As part of the 100-day action plan inked during President Xi Jinping and U.S. President Donald Trump's meeting in Florida in April, China is once again allowing imports of U.S. beef. Beijing News comments:
The U.S. beef being sold in China on e-commerce sites and in supermarkets is priced around 100 yuan ($15) to 300 yuan per kilogram, which is twice the price of domestic beef.
But most of it has been fresh, rather than frozen, so it was transported to China by air, which pushed the price up.
Thus some beef producers in China worry that as more frozen U.S. beef is shipped to China by sea, its price will decline to that of domestic beef, or even lower.
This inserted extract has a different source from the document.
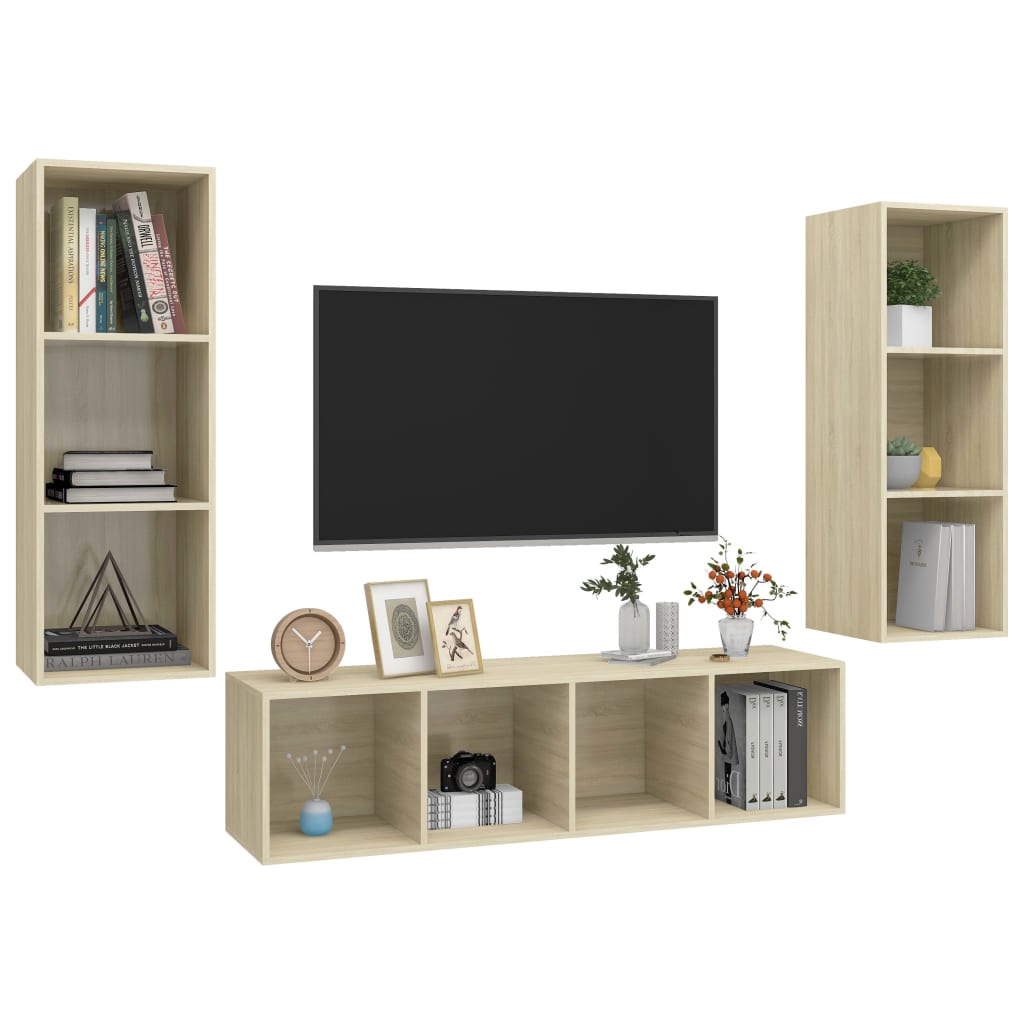 Set Porta TV 3 pz Rovere Sonoma in Truciolato - homemem39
Such worries are surely unfounded, beef from Australia, Uruguay, New Zealand, Brazil and Argentina is already sold in China.
The restructuring of the cattle industry and related processing industries has been underway since then. Competition selects the superior and eliminates the inferior, thus the U.S. beef imports will make the Chinese industry more efficient.
The backyard free-range cattle raisers have already largely disappeared given their low efficiency and lack of quality control procedures.
After China entered the World Trade Organization in 2001, a prevailing worry at home was China's textile and auto industries would collapse. Yet, after a painstaking industrial adjustment, the two industries have become more competitive than before. They not only survived, but are also competing in foreign markets.
It is the same now. The cattle farming and beef processing enterprises that survive the competition will do so based on their scale and the quality of their products.